→ WHAT NEEDS TO BE DONE:
Where the records below reach the line containing "38078 Mercedes-Benz A124", start transcribing, and end with the line containing "Willa Cozy Studio", exactly and with nothing else added.

→ DATA:
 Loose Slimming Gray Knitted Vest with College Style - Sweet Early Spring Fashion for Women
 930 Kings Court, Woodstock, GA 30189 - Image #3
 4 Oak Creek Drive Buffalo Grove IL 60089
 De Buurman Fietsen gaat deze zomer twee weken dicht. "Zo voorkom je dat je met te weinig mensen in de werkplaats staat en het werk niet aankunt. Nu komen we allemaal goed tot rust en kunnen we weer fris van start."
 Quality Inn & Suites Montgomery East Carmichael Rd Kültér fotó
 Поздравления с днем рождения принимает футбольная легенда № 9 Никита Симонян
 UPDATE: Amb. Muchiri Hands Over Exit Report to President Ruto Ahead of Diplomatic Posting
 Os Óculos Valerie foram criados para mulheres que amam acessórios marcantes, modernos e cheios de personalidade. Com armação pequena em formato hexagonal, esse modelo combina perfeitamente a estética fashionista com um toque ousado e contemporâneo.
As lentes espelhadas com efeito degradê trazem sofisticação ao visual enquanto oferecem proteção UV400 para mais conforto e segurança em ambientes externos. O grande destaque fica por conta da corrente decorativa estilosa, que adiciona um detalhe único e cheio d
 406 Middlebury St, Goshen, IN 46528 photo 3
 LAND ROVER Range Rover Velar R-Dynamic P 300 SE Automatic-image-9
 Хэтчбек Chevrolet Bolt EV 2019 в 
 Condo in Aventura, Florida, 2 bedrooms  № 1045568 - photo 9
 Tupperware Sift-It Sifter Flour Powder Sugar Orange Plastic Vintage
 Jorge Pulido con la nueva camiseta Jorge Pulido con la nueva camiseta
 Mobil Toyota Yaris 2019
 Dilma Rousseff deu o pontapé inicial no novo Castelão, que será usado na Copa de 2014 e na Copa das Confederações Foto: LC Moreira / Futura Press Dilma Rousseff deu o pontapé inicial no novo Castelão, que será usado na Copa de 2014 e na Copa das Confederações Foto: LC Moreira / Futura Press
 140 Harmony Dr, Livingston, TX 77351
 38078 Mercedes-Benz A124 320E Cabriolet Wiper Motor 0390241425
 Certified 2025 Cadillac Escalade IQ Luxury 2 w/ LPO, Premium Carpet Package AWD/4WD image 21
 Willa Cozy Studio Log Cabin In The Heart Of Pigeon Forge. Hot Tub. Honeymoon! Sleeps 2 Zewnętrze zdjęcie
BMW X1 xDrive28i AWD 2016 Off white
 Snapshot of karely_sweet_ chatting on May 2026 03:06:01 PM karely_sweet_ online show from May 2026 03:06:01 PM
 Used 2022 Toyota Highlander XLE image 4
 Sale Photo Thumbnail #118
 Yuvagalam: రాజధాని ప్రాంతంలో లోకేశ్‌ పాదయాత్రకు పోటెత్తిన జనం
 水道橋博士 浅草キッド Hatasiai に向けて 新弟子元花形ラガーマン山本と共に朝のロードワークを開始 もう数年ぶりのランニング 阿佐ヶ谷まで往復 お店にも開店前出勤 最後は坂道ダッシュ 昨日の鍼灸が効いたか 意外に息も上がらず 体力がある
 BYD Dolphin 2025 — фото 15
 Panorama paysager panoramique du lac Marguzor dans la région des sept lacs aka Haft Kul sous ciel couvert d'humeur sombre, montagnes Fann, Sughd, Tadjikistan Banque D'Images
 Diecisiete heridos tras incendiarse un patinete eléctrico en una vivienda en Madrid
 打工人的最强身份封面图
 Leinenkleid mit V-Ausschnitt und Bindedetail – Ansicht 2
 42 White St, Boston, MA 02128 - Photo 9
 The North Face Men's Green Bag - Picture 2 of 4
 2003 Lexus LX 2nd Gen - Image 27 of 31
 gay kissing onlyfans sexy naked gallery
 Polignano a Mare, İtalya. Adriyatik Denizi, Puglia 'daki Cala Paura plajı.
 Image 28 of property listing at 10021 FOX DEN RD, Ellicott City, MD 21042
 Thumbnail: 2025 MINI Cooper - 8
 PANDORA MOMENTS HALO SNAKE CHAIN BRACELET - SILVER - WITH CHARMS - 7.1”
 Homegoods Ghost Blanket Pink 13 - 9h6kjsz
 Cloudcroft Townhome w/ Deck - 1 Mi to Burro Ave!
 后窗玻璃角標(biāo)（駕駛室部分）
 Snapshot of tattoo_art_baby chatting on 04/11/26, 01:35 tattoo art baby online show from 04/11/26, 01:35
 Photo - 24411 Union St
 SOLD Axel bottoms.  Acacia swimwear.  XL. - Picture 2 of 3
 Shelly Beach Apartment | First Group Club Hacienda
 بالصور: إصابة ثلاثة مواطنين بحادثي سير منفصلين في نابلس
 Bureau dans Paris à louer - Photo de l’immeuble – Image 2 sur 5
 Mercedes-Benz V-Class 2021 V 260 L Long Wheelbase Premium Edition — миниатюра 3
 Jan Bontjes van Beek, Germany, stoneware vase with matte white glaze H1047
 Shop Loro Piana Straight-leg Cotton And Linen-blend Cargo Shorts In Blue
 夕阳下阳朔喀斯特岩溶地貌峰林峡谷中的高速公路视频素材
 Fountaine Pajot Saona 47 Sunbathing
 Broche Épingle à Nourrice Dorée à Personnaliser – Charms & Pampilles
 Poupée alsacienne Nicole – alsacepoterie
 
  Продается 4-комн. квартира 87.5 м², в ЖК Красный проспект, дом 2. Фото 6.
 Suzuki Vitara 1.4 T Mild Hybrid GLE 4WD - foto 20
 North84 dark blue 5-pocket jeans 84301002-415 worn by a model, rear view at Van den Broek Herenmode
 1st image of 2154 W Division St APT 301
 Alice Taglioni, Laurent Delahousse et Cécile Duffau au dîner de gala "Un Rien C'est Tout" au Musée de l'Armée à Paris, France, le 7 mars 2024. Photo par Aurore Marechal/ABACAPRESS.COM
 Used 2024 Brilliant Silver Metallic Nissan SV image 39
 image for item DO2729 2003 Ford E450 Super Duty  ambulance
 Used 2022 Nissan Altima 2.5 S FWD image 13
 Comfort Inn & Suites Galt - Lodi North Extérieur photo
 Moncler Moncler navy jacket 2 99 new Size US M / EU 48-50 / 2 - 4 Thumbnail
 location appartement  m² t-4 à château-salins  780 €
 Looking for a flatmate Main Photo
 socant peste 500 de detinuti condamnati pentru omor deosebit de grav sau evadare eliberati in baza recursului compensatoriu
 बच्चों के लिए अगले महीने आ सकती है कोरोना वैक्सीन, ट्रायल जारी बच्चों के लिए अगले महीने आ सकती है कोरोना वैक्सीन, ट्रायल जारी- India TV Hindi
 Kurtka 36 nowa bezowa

→ RESULT OF THIS TASK:
 38078 Mercedes-Benz A124 320E Cabriolet Wiper Motor 0390241425
 Certified 2025 Cadillac Escalade IQ Luxury 2 w/ LPO, Premium Carpet Package AWD/4WD image 21
 Willa Cozy Studio Log Cabin In The Heart Of Pigeon Forge. Hot Tub. Honeymoon! Sleeps 2 Zewnętrze zdjęcie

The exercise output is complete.